Serge Guérin : Premièrement, on peut se féliciter qu'un homme politique de la stature d'Edouard Philippe exprime une forme de mea-culpa. La deuxième chose est de dire qu'il y a une erreur de fond sur ce qu'il dit parce que la société fabrique de la société d'une certaine manière, et les gens ont bien compris -ils n'ont pas eu besoin d'attendre les politiques pour comprendre - depuis très longtemps qu'il y avait un sujet autour de la perte d'autonomie et de la fragilité. Mais les politiques ont été incapables de les entendre et de traduire cette inquiétude au travers d'une vision et de propositions.
Concernant la réponse qui est apportée, il faut noter que lors de la campagne électorale d'Emmanuel Macron, cela n'était pas du tout pris en compte dans son agenda. Ils ne pensaient absolument pas que la question du vieillissement était un sujet.
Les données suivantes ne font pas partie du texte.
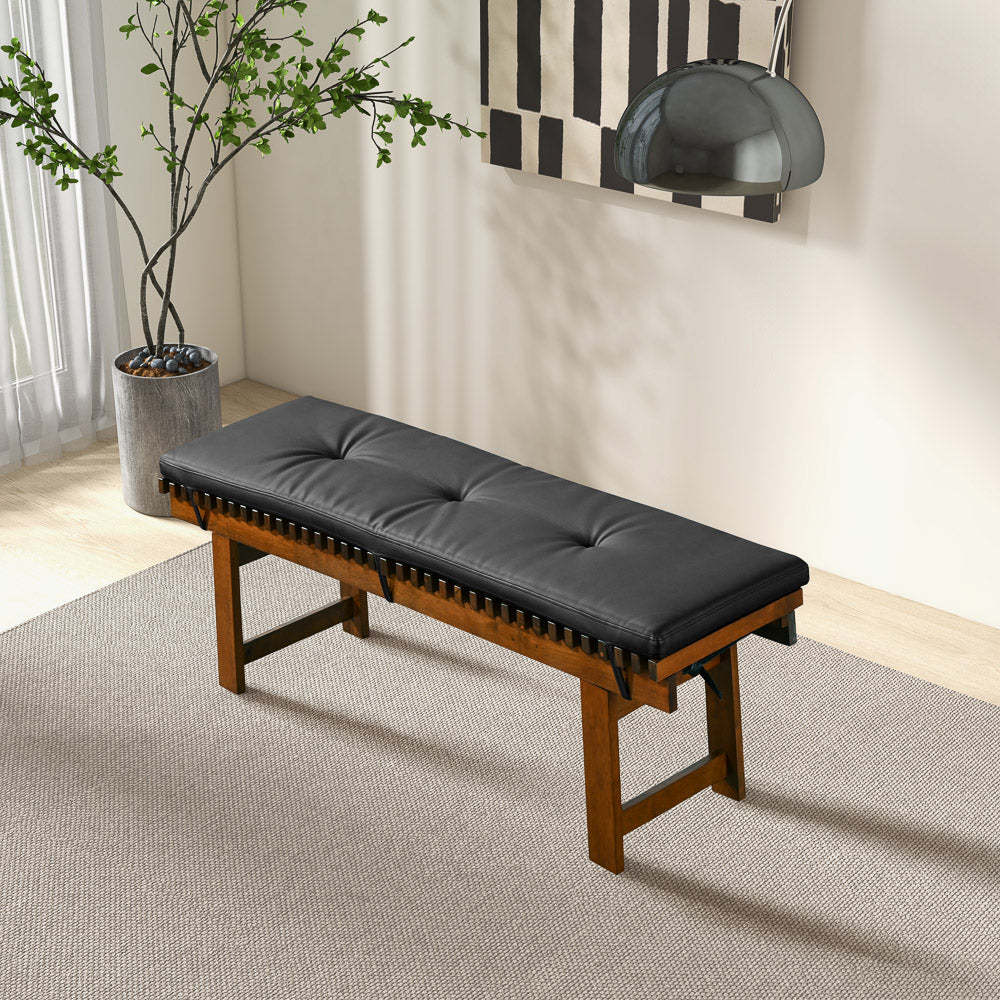 Modern wood bench with black tufted cushion in a bright room with art and potted plant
Pour eux, cela était sans doute une question liée à l'ancien monde. De plus, et pour les politiques en général, ces questions ne permettent pas de faire carrière, il est difficile d'en faire de belles images sur ces thèmes, ce qui contribue à une forme de désintérêt politique. Les images d'une école maternelle sont toujours plus joyeuses que celles d'une maison de retraite, parce que les gens qui y sont plus fragiles, plus abîmés. Pourtant, la réalité de la société française est la somme de toutes ces fragilités. Que cela soit les gens âges, les gens en perte d'autonomie pour des raisons de handicap, les gens touchés par des maladies chroniques, ou encore des gens qui se sentent totalement dépassés par le système. Ce qui fait certainement plus de 50% de la population française qui est touchée d'une manière ou d'une autre par la fragilité. Et si l'on rajoute ceux qui travaillent dans le secteur et ceux qui sont des aidants, familialement, on obtient sans doute 60 à 65% de la population, soit les deux tiers de la société française qui sont directement concernés. C'est donc bien un élément qui caractérise la société française et la vie tout simplement. Le vrai sujet est finalement que nous ne traitons pas la fragilité comme une force  pour construire le pays, y compris sur le plan économique. La fragilité, ce sont des emplois, de l'innovation possible, un savoir faire à développer par rapport aux autres pays, il s'agit bien d'une opportunité qui est finalement très peu traitée par les élites.

Comment juger les orientations prises par le gouvernement en la matière, celles-ci sont-elles à la hauteur du constat ?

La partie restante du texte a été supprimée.